Segment Start: RECORDED INFORMATION

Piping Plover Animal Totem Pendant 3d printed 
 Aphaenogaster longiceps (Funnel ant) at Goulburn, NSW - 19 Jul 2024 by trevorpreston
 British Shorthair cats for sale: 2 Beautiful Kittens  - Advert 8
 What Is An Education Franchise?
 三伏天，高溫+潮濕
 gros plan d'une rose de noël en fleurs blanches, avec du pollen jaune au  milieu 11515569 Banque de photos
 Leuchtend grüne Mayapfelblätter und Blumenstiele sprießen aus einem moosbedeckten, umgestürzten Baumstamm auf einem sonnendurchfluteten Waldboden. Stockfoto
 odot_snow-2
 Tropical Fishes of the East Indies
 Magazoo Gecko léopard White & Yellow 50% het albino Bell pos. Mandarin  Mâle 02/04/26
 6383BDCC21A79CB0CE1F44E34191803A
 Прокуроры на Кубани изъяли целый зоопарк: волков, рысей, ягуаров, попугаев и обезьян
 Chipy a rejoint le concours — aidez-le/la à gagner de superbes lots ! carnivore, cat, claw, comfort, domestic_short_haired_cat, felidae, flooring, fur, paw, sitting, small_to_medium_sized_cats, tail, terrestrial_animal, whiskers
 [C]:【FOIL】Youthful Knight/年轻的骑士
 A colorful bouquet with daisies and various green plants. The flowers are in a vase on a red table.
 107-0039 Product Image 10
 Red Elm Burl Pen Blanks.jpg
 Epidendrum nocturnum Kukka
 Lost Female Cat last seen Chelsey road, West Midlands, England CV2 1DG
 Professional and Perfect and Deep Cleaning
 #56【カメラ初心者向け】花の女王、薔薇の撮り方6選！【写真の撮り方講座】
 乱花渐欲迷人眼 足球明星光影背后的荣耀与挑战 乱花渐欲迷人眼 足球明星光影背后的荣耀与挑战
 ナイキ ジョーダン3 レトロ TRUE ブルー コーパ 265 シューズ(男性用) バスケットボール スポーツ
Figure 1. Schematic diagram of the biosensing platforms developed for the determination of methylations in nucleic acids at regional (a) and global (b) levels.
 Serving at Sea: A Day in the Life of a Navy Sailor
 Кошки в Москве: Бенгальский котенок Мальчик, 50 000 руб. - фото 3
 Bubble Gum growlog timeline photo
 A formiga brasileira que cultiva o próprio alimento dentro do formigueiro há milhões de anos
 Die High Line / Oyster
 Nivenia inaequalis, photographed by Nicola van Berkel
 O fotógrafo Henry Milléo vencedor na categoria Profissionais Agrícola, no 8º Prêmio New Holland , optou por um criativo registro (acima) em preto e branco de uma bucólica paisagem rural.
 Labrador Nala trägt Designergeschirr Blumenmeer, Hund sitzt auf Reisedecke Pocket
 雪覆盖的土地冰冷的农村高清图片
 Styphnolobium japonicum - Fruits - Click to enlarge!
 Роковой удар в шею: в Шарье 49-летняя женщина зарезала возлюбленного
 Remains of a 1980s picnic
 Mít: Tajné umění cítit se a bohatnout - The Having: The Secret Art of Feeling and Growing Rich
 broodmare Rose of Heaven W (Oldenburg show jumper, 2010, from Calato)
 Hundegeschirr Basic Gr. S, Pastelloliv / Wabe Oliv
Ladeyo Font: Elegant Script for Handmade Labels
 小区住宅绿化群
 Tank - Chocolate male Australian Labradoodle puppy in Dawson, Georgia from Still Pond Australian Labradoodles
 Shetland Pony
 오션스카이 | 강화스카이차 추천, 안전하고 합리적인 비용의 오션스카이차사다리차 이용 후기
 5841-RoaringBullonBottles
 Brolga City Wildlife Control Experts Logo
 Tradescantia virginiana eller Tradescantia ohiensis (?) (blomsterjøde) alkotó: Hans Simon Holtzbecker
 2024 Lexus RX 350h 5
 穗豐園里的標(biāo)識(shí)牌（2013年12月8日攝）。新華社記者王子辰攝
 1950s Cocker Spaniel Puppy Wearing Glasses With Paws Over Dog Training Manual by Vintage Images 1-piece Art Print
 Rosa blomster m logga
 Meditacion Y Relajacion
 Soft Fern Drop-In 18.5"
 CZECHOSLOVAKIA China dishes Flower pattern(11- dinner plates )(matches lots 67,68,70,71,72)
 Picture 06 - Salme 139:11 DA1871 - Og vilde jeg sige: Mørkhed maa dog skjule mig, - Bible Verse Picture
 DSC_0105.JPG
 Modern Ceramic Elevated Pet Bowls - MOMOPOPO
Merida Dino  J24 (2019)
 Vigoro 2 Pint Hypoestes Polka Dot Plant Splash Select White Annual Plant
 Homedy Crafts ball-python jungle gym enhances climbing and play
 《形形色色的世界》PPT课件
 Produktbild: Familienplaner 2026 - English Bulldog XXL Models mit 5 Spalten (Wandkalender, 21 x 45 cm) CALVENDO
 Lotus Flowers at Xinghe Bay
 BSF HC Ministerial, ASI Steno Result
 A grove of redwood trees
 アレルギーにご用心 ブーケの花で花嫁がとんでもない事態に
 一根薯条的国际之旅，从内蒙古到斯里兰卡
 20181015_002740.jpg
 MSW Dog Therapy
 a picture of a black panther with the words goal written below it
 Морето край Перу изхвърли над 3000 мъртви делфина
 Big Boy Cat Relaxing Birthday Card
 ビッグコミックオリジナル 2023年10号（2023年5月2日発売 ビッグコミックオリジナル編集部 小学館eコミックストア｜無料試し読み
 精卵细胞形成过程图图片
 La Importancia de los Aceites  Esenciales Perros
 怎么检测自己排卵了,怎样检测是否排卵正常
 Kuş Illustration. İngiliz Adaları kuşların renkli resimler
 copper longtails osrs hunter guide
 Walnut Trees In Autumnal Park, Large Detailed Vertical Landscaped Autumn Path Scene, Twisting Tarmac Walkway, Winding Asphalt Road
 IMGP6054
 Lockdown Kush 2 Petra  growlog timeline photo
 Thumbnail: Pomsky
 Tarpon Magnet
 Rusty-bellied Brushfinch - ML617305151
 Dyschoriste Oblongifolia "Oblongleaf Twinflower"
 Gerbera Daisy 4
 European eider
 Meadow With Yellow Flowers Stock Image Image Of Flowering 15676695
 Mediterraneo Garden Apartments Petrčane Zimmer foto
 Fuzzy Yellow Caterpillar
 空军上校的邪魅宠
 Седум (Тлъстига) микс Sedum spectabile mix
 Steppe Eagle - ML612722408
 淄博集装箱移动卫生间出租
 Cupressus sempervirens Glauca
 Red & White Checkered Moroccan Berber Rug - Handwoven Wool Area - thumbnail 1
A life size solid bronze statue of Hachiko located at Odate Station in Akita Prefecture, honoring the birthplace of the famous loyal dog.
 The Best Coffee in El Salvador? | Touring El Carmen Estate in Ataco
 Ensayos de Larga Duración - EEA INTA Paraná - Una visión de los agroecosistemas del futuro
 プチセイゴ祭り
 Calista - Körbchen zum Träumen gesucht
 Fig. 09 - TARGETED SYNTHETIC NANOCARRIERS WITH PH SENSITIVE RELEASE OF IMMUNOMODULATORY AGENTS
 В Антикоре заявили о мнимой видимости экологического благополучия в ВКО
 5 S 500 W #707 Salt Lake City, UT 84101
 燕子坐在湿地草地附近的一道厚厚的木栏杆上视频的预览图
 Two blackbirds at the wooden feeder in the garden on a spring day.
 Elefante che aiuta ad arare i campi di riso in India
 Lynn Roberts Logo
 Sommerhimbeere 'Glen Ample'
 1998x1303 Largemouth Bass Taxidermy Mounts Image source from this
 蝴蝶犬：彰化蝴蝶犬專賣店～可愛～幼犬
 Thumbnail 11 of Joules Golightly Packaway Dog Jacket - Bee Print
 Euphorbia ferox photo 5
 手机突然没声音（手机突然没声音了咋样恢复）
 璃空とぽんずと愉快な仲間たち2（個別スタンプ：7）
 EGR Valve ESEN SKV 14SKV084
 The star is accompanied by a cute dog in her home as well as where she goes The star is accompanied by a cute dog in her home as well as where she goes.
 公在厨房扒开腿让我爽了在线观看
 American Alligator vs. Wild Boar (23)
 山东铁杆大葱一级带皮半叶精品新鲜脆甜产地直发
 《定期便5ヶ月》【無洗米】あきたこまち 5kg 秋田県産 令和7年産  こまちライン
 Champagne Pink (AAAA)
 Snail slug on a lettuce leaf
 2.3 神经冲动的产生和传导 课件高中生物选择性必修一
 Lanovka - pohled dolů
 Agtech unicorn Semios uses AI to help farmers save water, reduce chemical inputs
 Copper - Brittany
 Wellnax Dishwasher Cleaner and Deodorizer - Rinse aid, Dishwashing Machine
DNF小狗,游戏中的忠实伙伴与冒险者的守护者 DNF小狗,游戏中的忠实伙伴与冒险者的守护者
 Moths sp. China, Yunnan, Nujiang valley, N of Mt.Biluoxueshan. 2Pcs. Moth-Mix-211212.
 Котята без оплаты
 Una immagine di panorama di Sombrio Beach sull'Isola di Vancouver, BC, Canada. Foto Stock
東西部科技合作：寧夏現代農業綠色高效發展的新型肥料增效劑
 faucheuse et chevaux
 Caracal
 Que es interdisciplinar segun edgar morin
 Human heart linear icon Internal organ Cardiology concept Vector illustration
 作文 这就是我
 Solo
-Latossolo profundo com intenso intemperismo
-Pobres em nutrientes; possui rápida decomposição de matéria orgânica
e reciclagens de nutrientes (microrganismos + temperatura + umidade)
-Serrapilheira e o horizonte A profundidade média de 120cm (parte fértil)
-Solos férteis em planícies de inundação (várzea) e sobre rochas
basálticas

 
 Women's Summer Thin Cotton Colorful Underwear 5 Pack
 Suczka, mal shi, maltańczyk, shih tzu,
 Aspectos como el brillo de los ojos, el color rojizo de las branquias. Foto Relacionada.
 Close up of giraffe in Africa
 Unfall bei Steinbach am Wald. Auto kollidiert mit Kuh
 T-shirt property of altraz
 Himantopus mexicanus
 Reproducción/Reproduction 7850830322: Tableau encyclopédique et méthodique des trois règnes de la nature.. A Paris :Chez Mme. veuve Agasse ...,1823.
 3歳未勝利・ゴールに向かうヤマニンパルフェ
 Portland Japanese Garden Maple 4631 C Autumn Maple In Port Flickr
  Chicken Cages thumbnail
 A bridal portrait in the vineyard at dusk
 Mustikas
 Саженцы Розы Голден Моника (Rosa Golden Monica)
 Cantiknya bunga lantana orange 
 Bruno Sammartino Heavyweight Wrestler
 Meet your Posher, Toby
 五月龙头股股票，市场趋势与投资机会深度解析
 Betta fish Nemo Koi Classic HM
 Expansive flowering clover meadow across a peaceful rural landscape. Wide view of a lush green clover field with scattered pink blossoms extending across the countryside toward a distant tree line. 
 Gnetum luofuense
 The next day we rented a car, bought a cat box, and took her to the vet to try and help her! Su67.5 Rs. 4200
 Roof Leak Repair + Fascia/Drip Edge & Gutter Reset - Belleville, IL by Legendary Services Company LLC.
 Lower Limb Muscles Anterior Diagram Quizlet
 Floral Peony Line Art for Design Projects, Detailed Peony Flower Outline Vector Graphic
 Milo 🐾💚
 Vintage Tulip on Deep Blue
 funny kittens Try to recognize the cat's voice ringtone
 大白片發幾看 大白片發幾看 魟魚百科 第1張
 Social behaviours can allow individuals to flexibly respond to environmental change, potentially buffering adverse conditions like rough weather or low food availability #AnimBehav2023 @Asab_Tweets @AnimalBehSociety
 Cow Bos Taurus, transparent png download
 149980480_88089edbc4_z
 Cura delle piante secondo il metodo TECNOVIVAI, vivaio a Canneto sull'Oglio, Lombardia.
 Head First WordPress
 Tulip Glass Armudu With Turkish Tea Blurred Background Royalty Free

Segment End: RECORDED INFORMATION

TASK DETAILS:
Output only the lines from the top of the entries through the one holding "Прокуроры на Кубани", copied exactly.

YOUR RESPONSE:
Piping Plover Animal Totem Pendant 3d printed 
 Aphaenogaster longiceps (Funnel ant) at Goulburn, NSW - 19 Jul 2024 by trevorpreston
 British Shorthair cats for sale: 2 Beautiful Kittens  - Advert 8
 What Is An Education Franchise?
 三伏天，高溫+潮濕
 gros plan d'une rose de noël en fleurs blanches, avec du pollen jaune au  milieu 11515569 Banque de photos
 Leuchtend grüne Mayapfelblätter und Blumenstiele sprießen aus einem moosbedeckten, umgestürzten Baumstamm auf einem sonnendurchfluteten Waldboden. Stockfoto
 odot_snow-2
 Tropical Fishes of the East Indies
 Magazoo Gecko léopard White & Yellow 50% het albino Bell pos. Mandarin  Mâle 02/04/26
 6383BDCC21A79CB0CE1F44E34191803A
 Прокуроры на Кубани изъяли целый зоопарк: волков, рысей, ягуаров, попугаев и обезьян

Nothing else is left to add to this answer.